Input data:
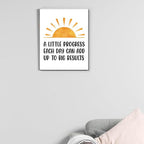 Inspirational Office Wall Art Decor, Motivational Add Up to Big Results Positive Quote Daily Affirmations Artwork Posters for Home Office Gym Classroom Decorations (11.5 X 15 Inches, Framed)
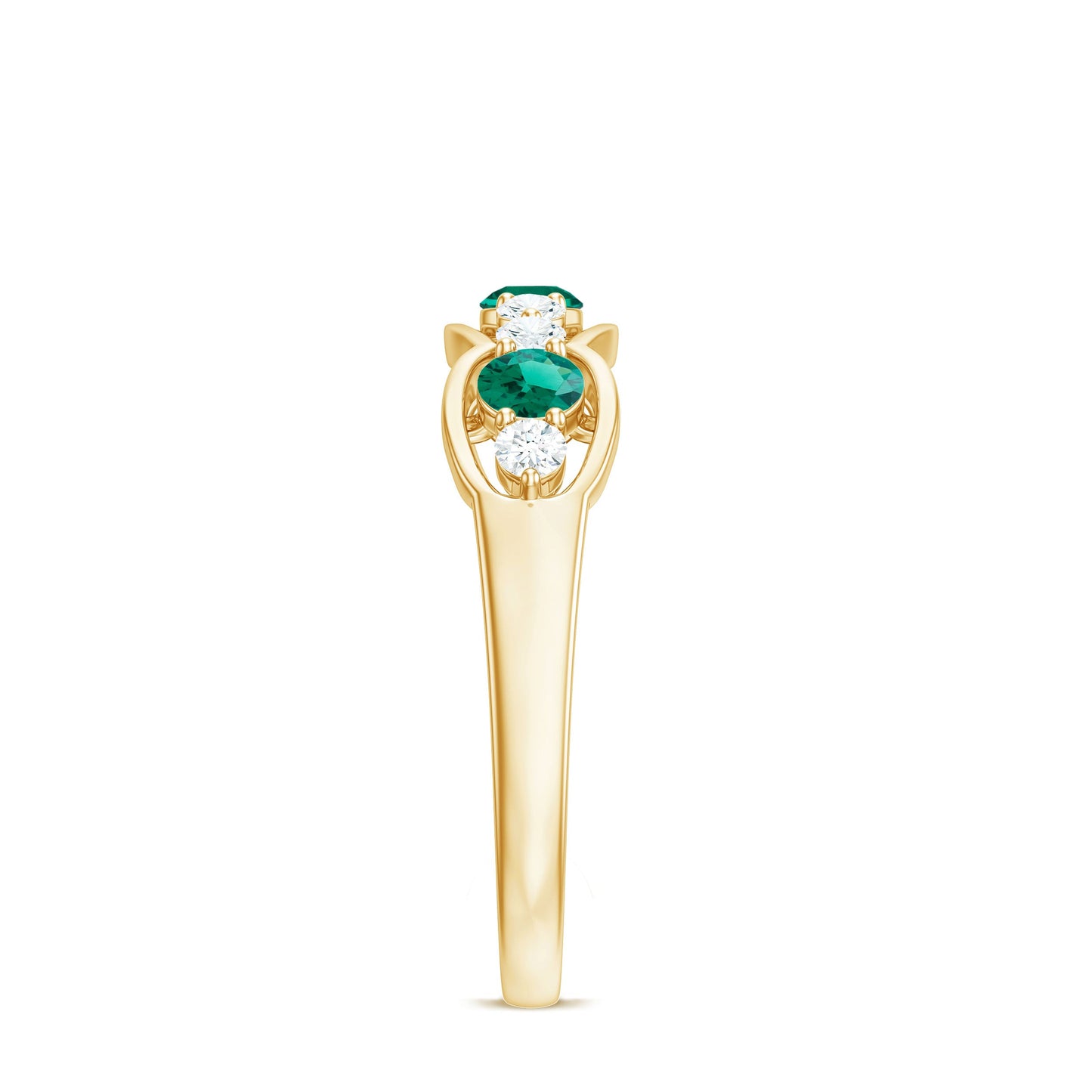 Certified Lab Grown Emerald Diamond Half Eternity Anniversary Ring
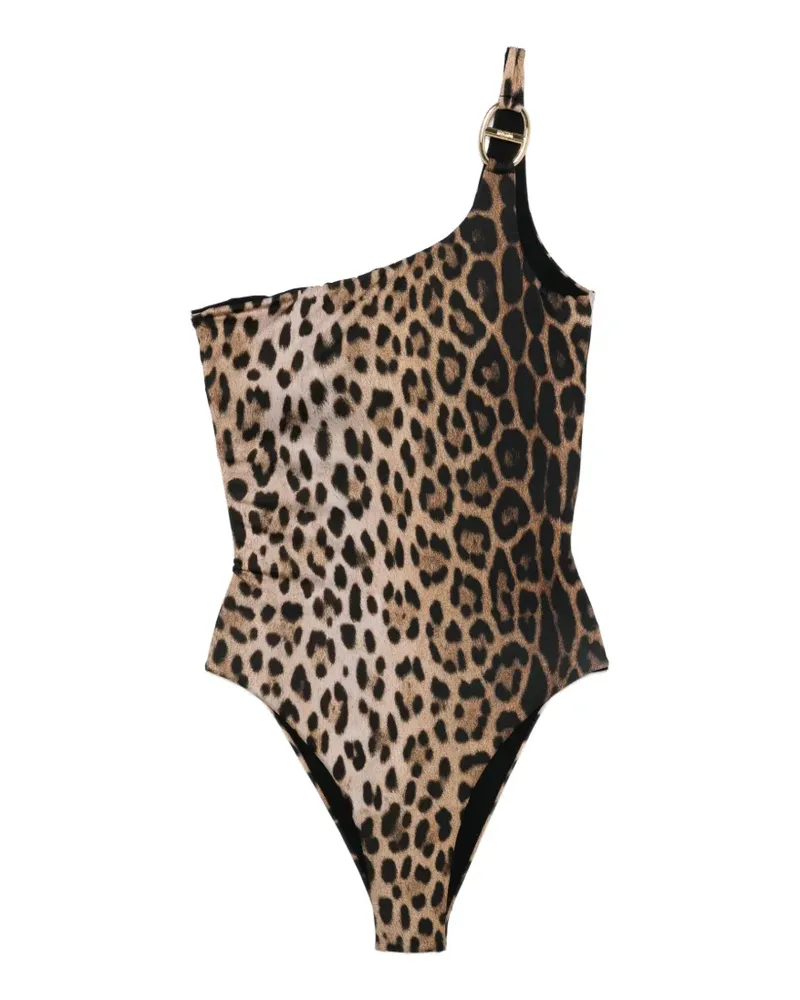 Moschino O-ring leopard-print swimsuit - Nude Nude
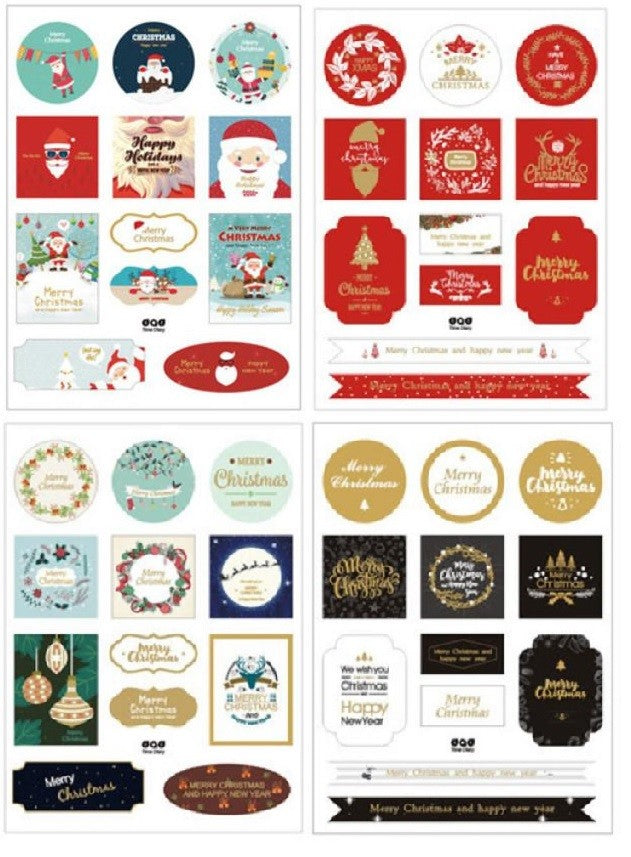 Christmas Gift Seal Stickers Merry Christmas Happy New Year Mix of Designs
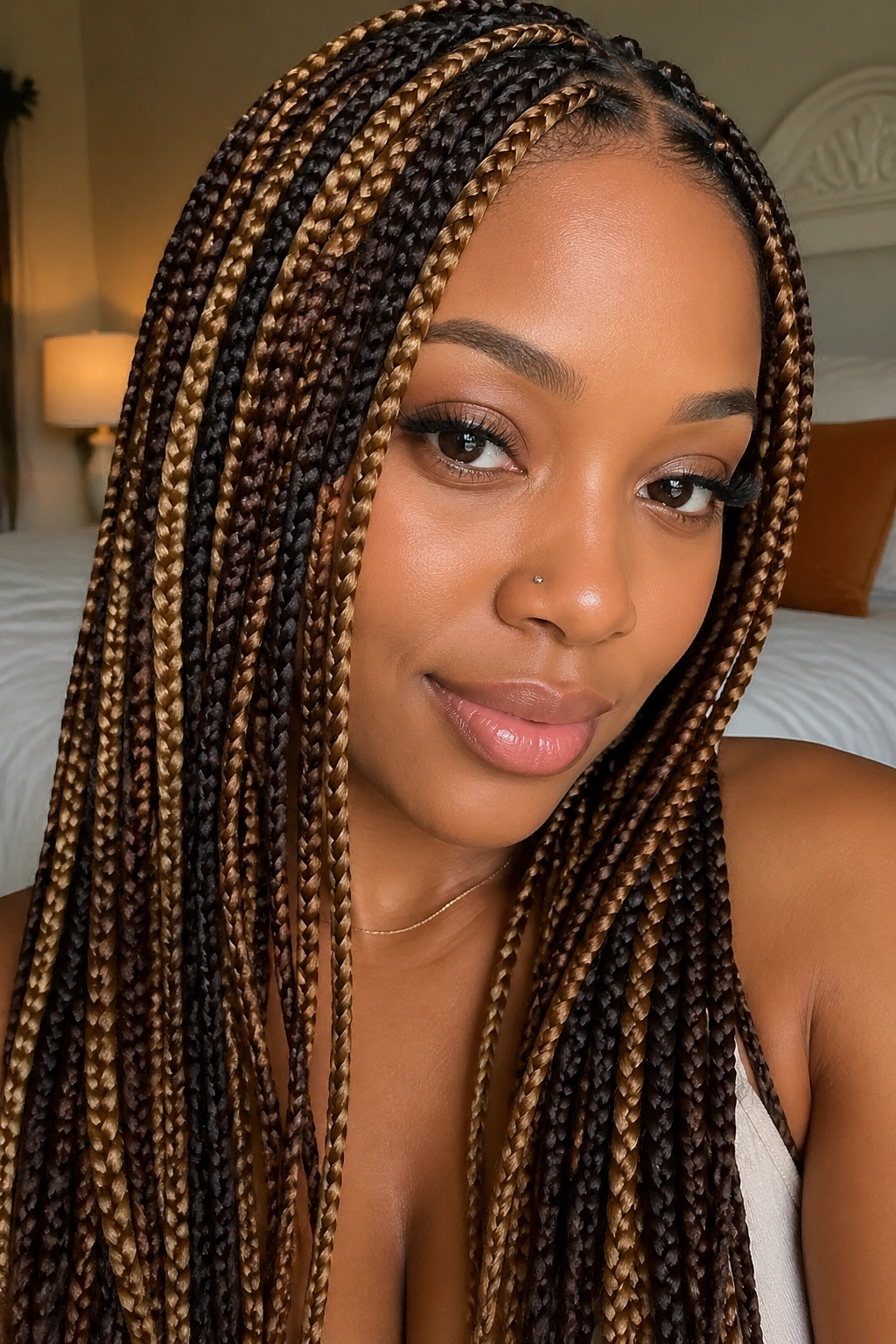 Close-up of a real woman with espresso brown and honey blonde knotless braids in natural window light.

==

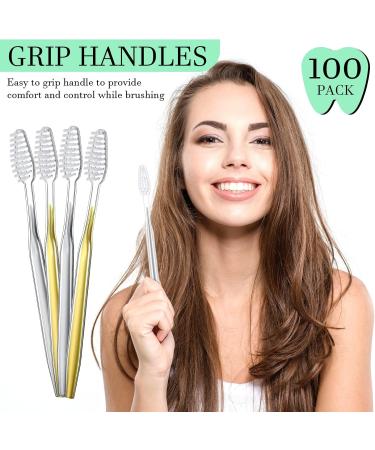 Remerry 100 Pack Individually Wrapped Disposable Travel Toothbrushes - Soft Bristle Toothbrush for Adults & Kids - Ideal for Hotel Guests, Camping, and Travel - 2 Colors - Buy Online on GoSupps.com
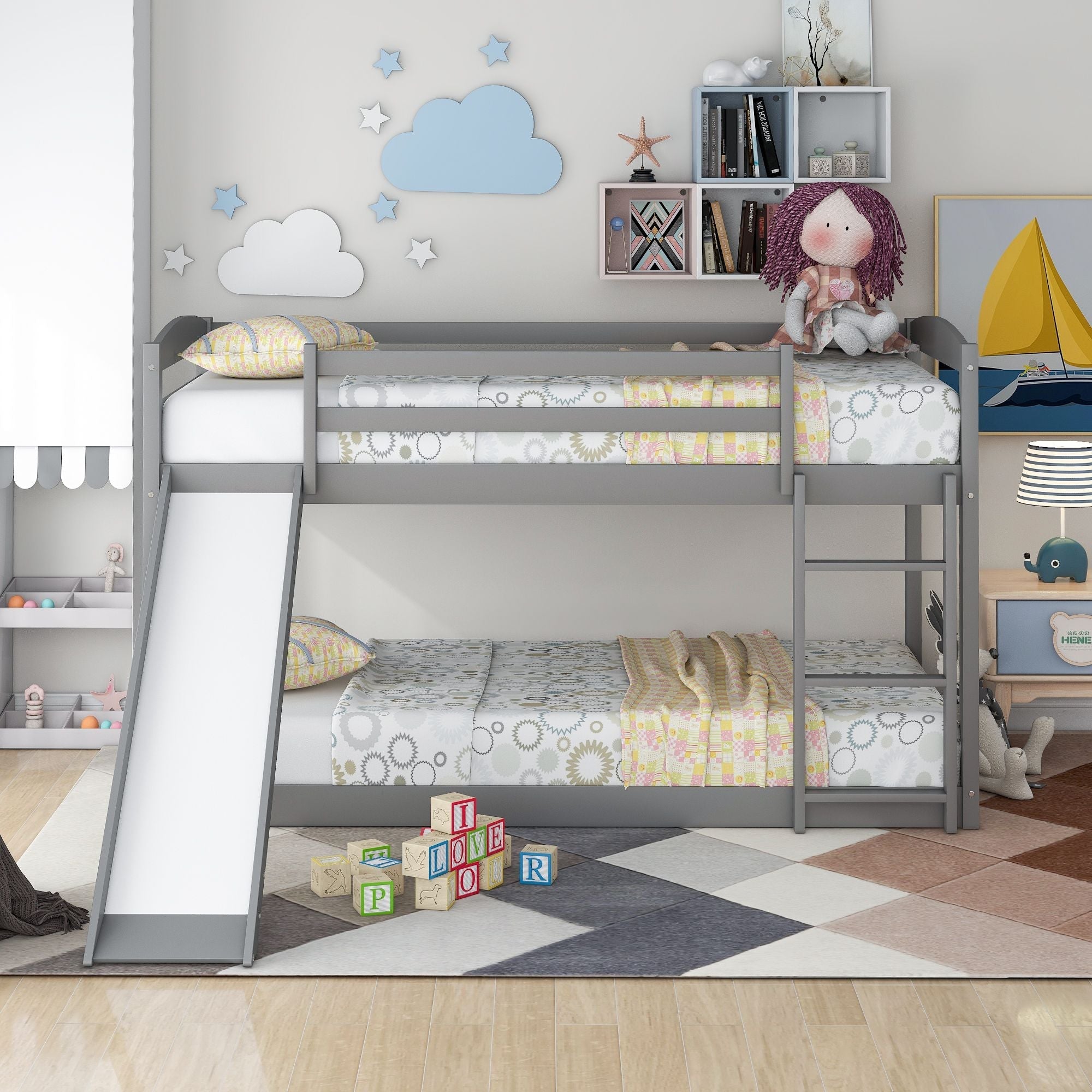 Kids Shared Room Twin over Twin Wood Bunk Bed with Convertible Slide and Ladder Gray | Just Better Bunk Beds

What you will do:
Could you output exactly the lines above, from the line with "Inspirational Office Wall" up to and including the line with "Moschino O-ring leopard-print", and nothing else, skipping the pictures?

Task output:
 Inspirational Office Wall Art Decor, Motivational Add Up to Big Results Positive Quote Daily Affirmations Artwork Posters for Home Office Gym Classroom Decorations (11.5 X 15 Inches, Framed)
 Certified Lab Grown Emerald Diamond Half Eternity Anniversary Ring
 Moschino O-ring leopard-print swimsuit - Nude Nude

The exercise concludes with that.